• Eur J Emerg Med · Apr 2009

    Patient outcomes after noninvasive mechanical ventilation at a high dependency unit of an emergency department.

    • Jose M De Miguel-Yanes, Javier Muñoz-González, Juan A Andueza-Lillo, Jose A Nuevo-González, Guillermo Cuevas-Tascón, Carmen Cuenca-Carvajal, Jose A Sevillano-Fernández, Itziar Fernández-Ormaechea, Juan C Cano-Ballesteros, and Almudena Santano-Magariño.
    • Servicio de Urgencias (Emergency Department), Hospital General Universitario Gregorio Marañón, Universidad Complutense de Madrid, Madrid, Spain. jdemiguel.hgugm@salud.madrid.org
    • Eur J Emerg Med. 2009 Apr 1;16(2):92-6.
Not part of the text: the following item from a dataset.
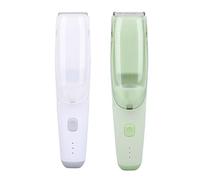 Sonew Tondeuse à Cheveux avec Coupe-cheveux sans Fil Sous Vide pour Enfants, Rechargeable et Légère (WHITE)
    ObjectiveTo describe the outcome of patients after noninvasive ventilation in a high dependency unit (HDU) of an emergency department (ED). Secondary aims were to define the role of intensive care consultation and to identify variables associated with mortality.MethodsObservational, prospective 6-month study.ResultsTwo hundred and nine cases were analysed. Thirty-four patients were initially rejected by the intensive care unit (ICU). Physicians in the ED did not request ICU consultation in the remaining 175 (83%) because of 'belief of improvable medical condition in the ED in patients without therapeutic limits' in 93 (group 1) and to 'preset therapeutic limits' or 'comfort measures only' in 82 (groups 2 and 3). Ten out of these 175 were subsequently admitted to the ICU. The global in-hospital mortality rate was 22% (3.3% in the high dependency unit), but only 10% in group 1. Place of referral for ventilation (P<0.001), absence of subsequent ventilation on the general ward (P<0.001), group of assignation (P=0.004), intensive care initial rejection (P=0.022), no previous home ventilation (P=0.028), older age (P=0.03) and longer duration on ventilation (P=0.047) were significantly associated with mortality. In the multivariate regression model, ventilating patients from general wards (odds ratio=7.1; 2.3-25, 95% confidence interval) and ventilation under preset limits (odds ratio=3.57; 1.42-8.98, 95% confidence interval) remained significantly associated with mortality.ConclusionNoninvasive ventilation is a relatively safe and effective treatment in the ED when performed in carefully controlled settings. ICU consultation may be securely deferred in this setting.